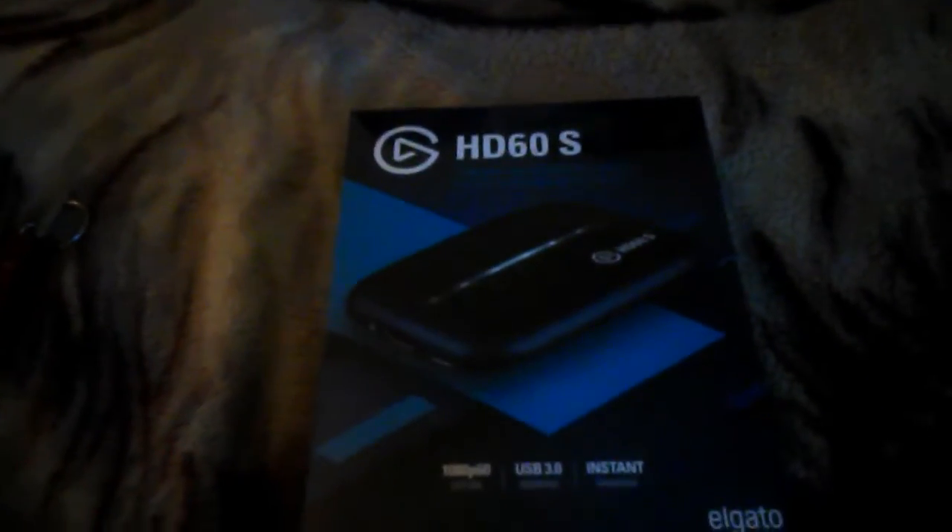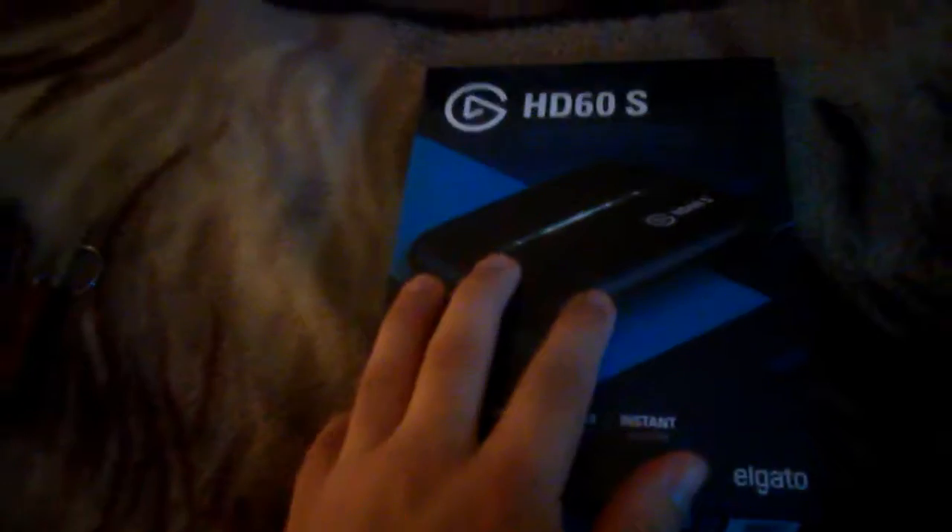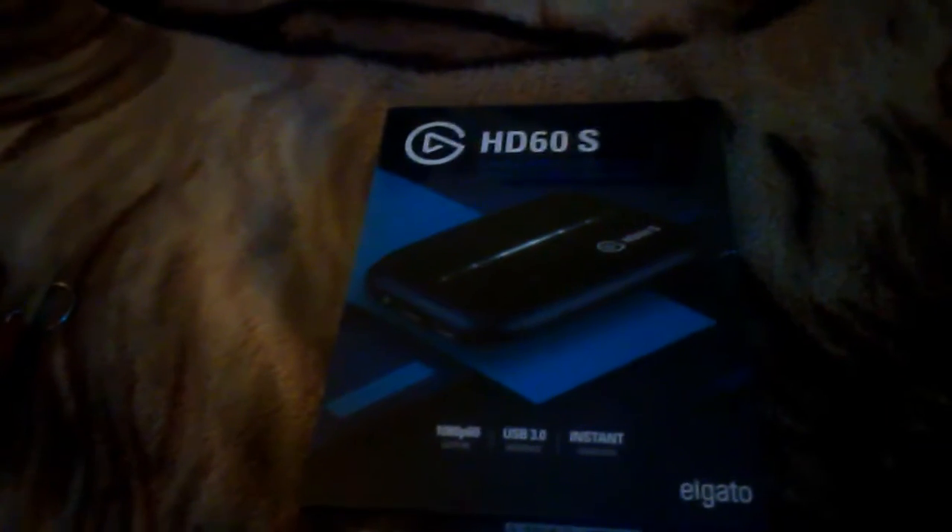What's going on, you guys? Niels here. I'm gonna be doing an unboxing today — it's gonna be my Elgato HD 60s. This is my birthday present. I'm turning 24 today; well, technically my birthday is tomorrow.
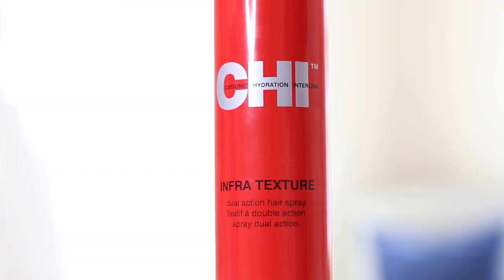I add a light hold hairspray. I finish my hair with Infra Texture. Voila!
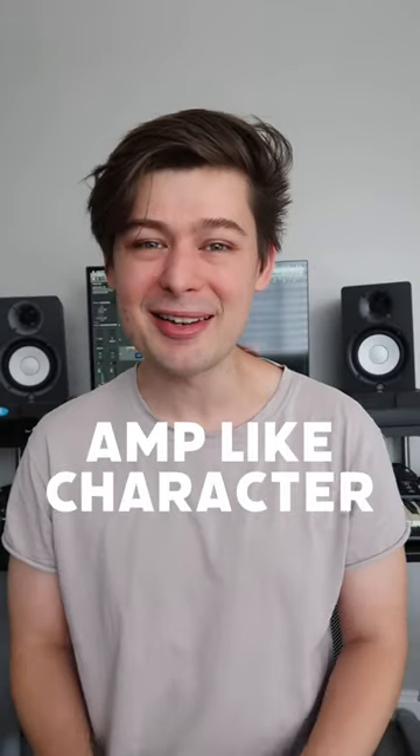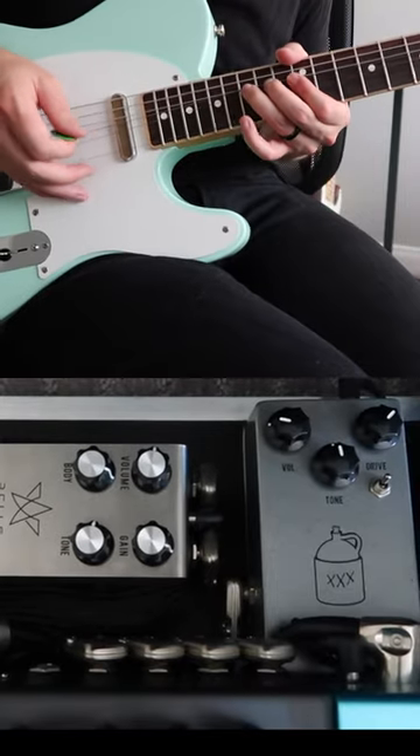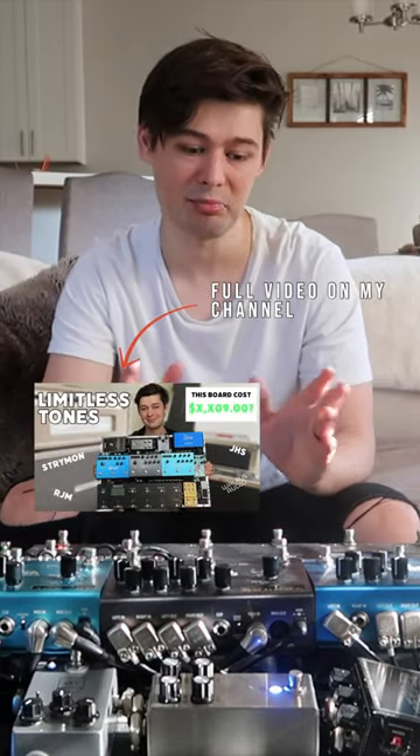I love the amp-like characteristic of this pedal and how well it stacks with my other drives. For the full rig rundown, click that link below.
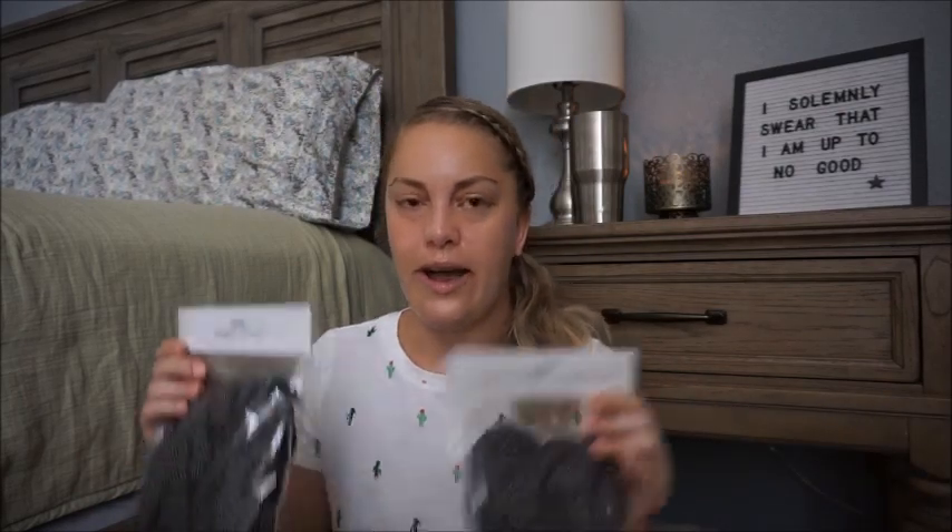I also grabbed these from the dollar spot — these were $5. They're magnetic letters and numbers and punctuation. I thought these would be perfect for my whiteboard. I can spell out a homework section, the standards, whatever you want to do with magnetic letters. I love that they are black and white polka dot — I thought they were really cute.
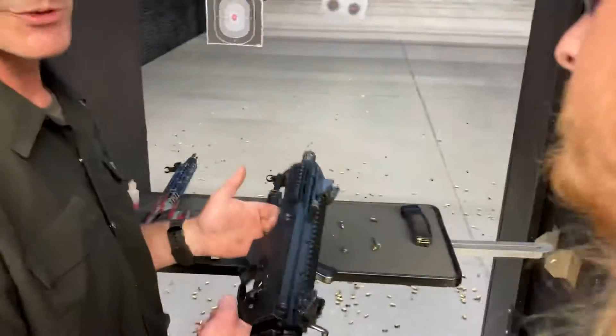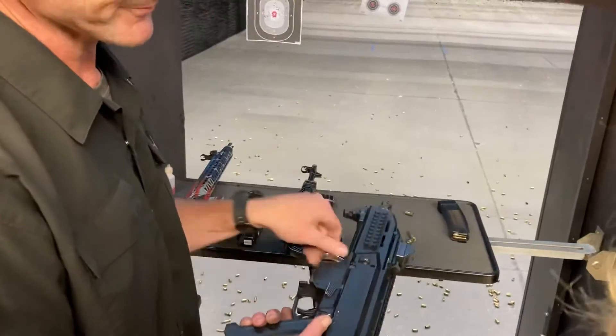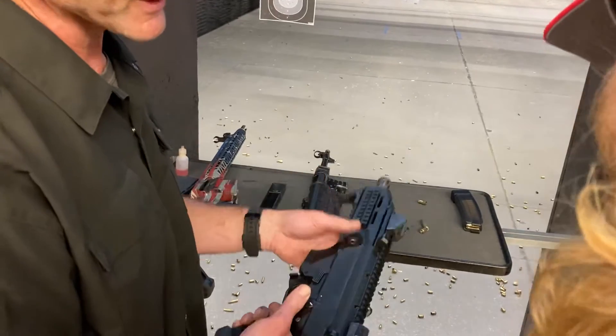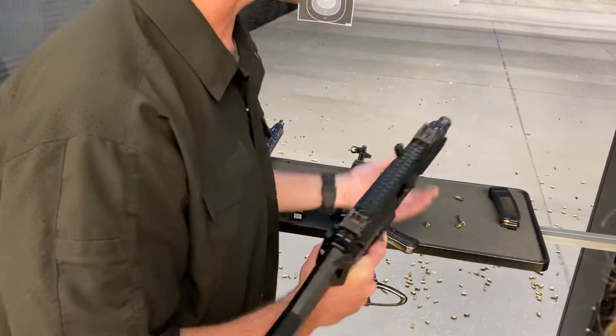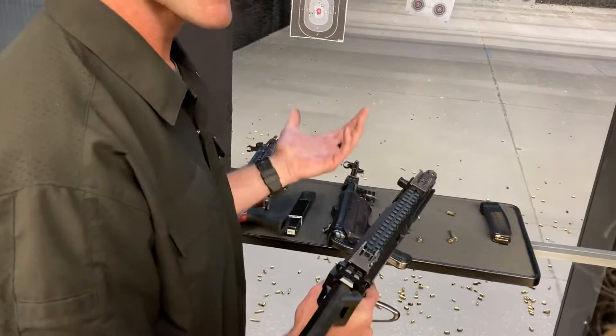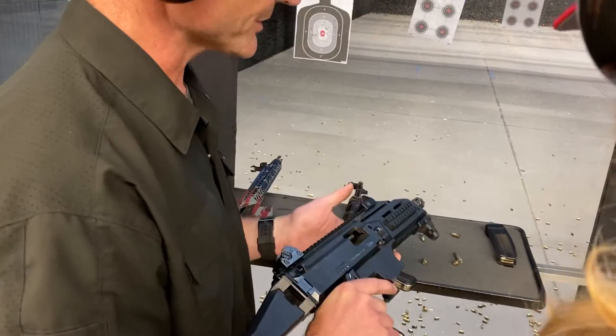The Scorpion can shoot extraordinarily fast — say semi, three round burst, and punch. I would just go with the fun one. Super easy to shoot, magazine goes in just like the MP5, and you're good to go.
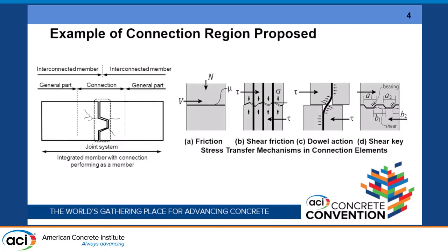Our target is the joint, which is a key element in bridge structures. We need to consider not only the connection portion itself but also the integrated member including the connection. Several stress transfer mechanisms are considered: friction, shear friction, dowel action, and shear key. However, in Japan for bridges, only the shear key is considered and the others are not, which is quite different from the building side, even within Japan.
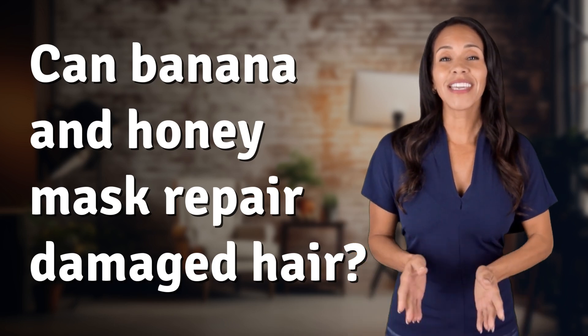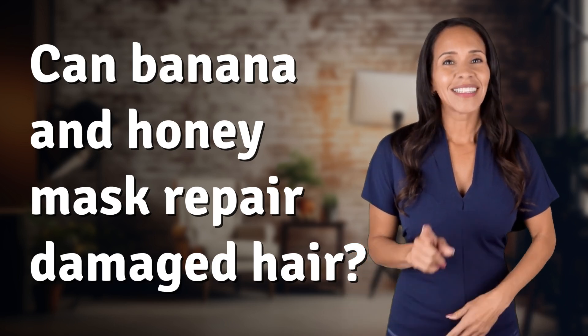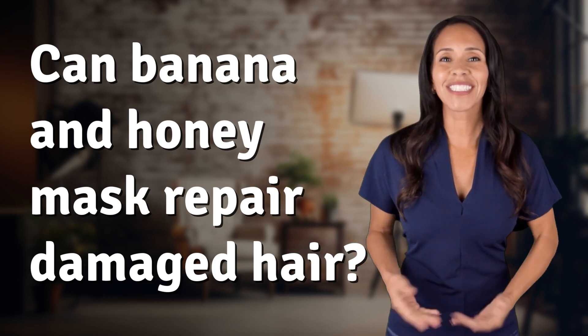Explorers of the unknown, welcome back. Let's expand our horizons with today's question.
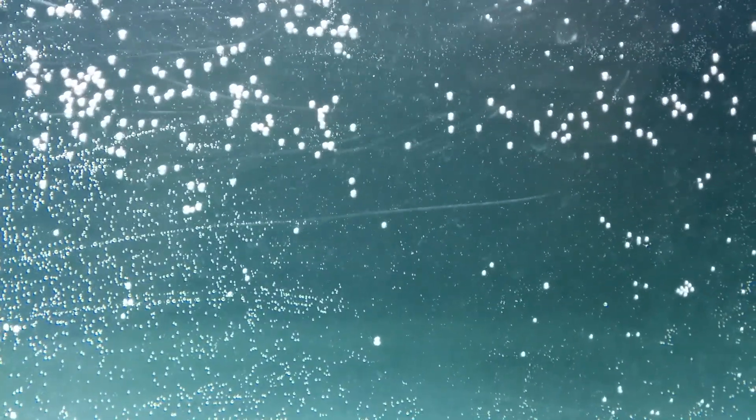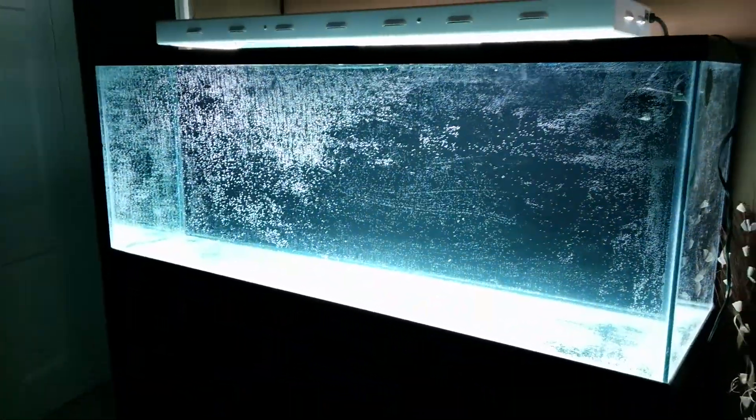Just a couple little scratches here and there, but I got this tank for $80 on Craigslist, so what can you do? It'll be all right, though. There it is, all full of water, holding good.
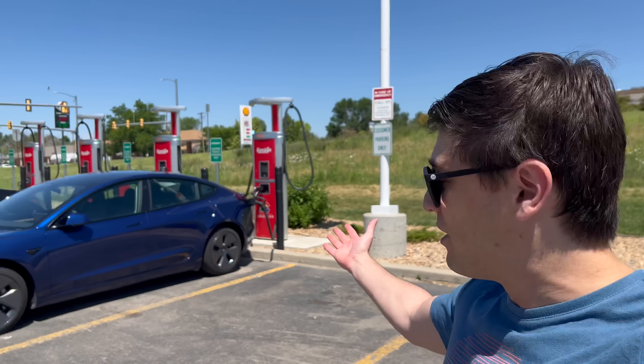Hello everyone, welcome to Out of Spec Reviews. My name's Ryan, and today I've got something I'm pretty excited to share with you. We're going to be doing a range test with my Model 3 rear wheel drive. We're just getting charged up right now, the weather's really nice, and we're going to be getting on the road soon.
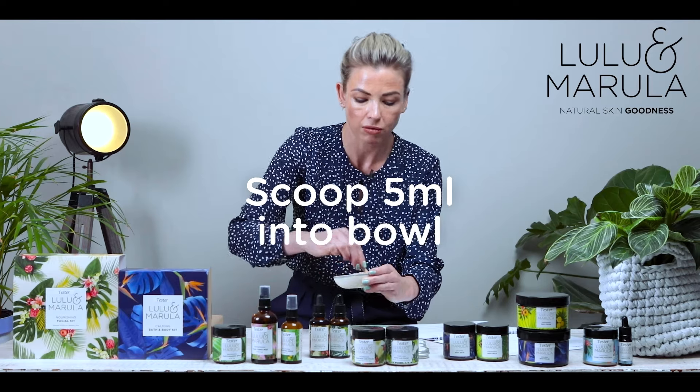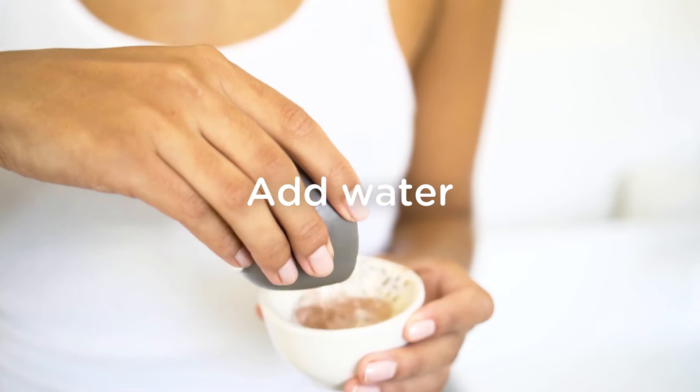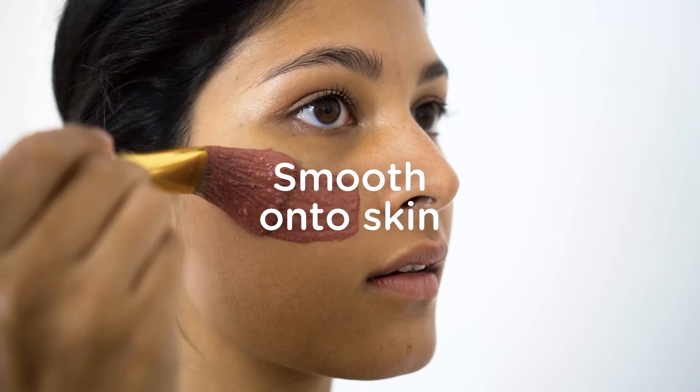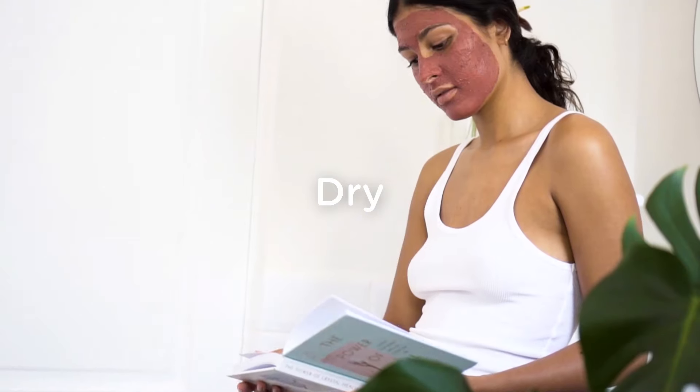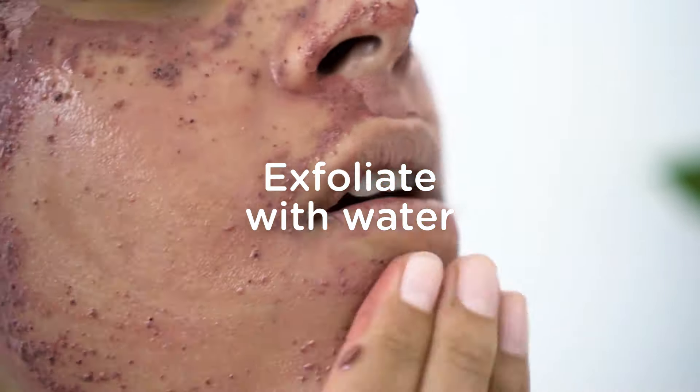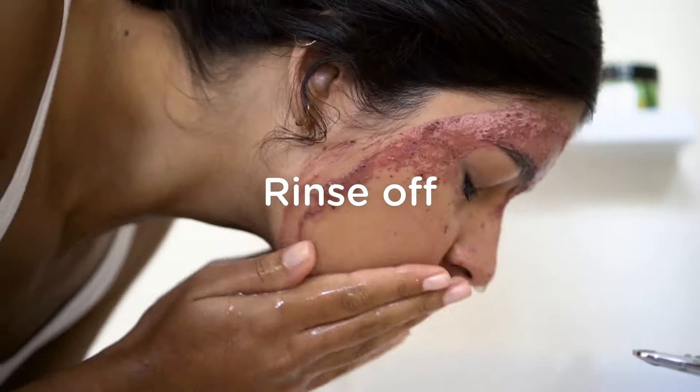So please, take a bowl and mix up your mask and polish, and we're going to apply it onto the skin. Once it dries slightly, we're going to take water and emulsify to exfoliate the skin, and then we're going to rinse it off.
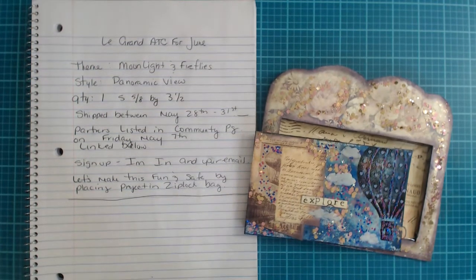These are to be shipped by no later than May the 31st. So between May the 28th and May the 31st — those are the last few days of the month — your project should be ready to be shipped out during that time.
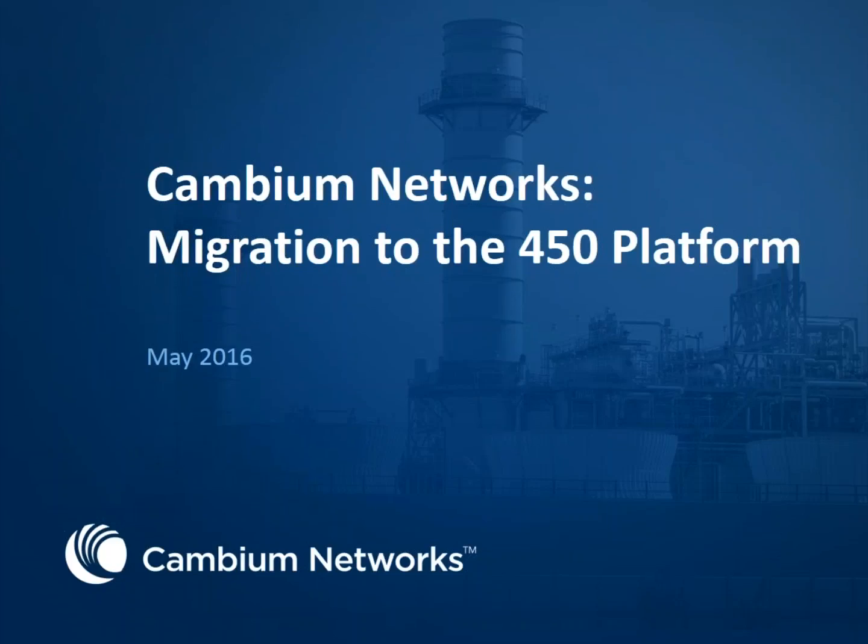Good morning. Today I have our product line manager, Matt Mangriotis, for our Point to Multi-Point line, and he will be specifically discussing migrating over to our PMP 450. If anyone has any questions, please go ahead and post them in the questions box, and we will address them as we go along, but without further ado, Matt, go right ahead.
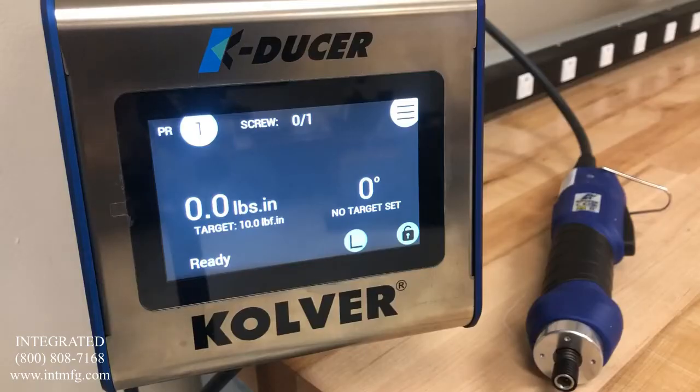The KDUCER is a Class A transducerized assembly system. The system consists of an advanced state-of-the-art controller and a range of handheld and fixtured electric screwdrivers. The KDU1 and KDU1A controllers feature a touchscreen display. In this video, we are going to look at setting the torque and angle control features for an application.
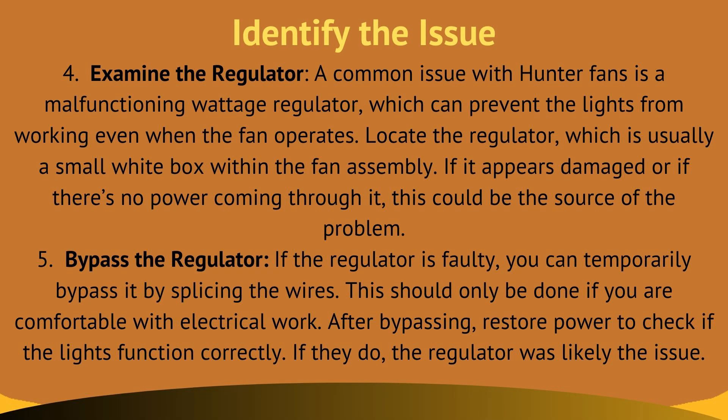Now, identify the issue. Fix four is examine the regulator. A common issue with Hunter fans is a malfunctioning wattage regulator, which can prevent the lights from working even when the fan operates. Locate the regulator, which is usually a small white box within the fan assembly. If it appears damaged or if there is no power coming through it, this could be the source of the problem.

· · · ·

* [PROBLEM DESCRIPTION] For this exercise, set down the lines in the entries above from the one with "So please, take" through the one with "The KDUCER is" exactly as written, without any pictures.

* [TASK SOLUTION]
So please, take a bowl and mix up your mask and polish, and we're going to apply it onto the skin. Once it dries slightly, we're going to take water and emulsify to exfoliate the skin, and then we're going to rinse it off.
These are to be shipped by no later than May the 31st. So between May the 28th and May the 31st — those are the last few days of the month — your project should be ready to be shipped out during that time.
Good morning. Today I have our product line manager, Matt Mangriotis, for our Point to Multi-Point line, and he will be specifically discussing migrating over to our PMP 450. If anyone has any questions, please go ahead and post them in the questions box, and we will address them as we go along, but without further ado, Matt, go right ahead.
The KDUCER is a Class A transducerized assembly system. The system consists of an advanced state-of-the-art controller and a range of handheld and fixtured electric screwdrivers. The KDU1 and KDU1A controllers feature a touchscreen display. In this video, we are going to look at setting the torque and angle control features for an application.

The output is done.